December 7, 2019, 11:30am
10 Hollywood Road
Central
Hong Kong
In this lecture organised by M+, Maria Balshaw, Director of Tate, discusses the opportunities and challenges facing museums today as they strive to continue to find a balance between reflecting current situations and remaining impartial, inclusive, and open.
Open to the public since 1897, Tate is one of the world’s leading art institutions and among the most visited in the United Kingdom. It consists of a network of four museums: Tate Britain and Tate Modern in London, Tate Liverpool, and Tate St Ives in Cornwall. The four museums share a national collection of British art from 1500 to the present and international modern and contemporary art, comprising more than seventy thousand items. Tate, like many museums, has in recent years transformed itself in order to remain relevant in the 21st century, refurbishing and extending Tate Britain and Tate Modern, launching the Tate Exchange collaborative learning programme, and organising international partnerships and collaborations. Maria Balshaw addresses the significance of these projects and the institution’s overall strategy in the context of a global sociopolitical climate that is shifting more rapidly than ever.

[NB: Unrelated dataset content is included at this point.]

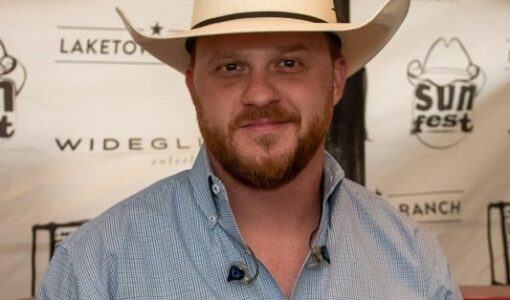Cody Johnson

“Global Museums in Shifting Times” is the third talk in the M+ Matters | Keynote series, which invites international thinkers and practitioners to share their experiences and insights into the development of projects that have defined the cultural landscape in the twenty-first century.
This edition of M+ Matters | Keynote is organised by Suhanya Raffel (Museum Director, M+) and Isabella Tam (Associate Curator, Visual Art, M+), with Minnie Cheung (Curatorial Assistant, M+). Rosewood Hong Kong is the hotel sponsor of this event.

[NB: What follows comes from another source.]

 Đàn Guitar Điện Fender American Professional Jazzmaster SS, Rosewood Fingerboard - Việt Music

The talk will be conducted in English, with simultaneous interpretation in Cantonese. Admission is free, and seating is available on a first-come, first-served basis. Please register in advance: mplus.org.hk/keynote.
About M+
M+ is a museum dedicated to collecting, exhibiting, and interpreting visual art, design and architecture, moving image, and Hong Kong visual culture of the 20th and 21st centuries. In Hong Kong’s West Kowloon Cultural District, we are building one of the largest museums of modern and contemporary visual culture in the world, with a bold ambition to establish ourselves as one of the world’s leading cultural institutions. Our aim is to create a new kind of museum that reflects our unique time and place, a museum that builds on Hong Kong’s historic balance of the local and the international to define a distinctive and innovative voice for Asia’s 21st century.

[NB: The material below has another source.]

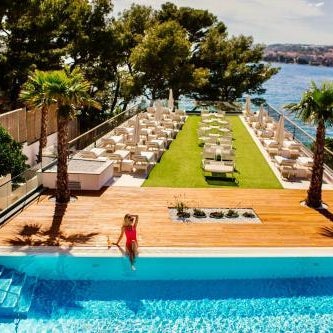 Hotel Eden Thumbnail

About the West Kowloon Cultural District
The West Kowloon Cultural District is one of the largest and most ambitious cultural projects in the world. Its vision is to create a vibrant new cultural quarter for Hong Kong on forty hectares of reclaimed land located alongside Victoria Harbour. With a varied mix of theatres, performance spaces, and museums, the West Kowloon Cultural District will produce and host world-class exhibitions, performances, and cultural events, providing 23 hectares of public open space, including a two-kilometre waterfront promenade.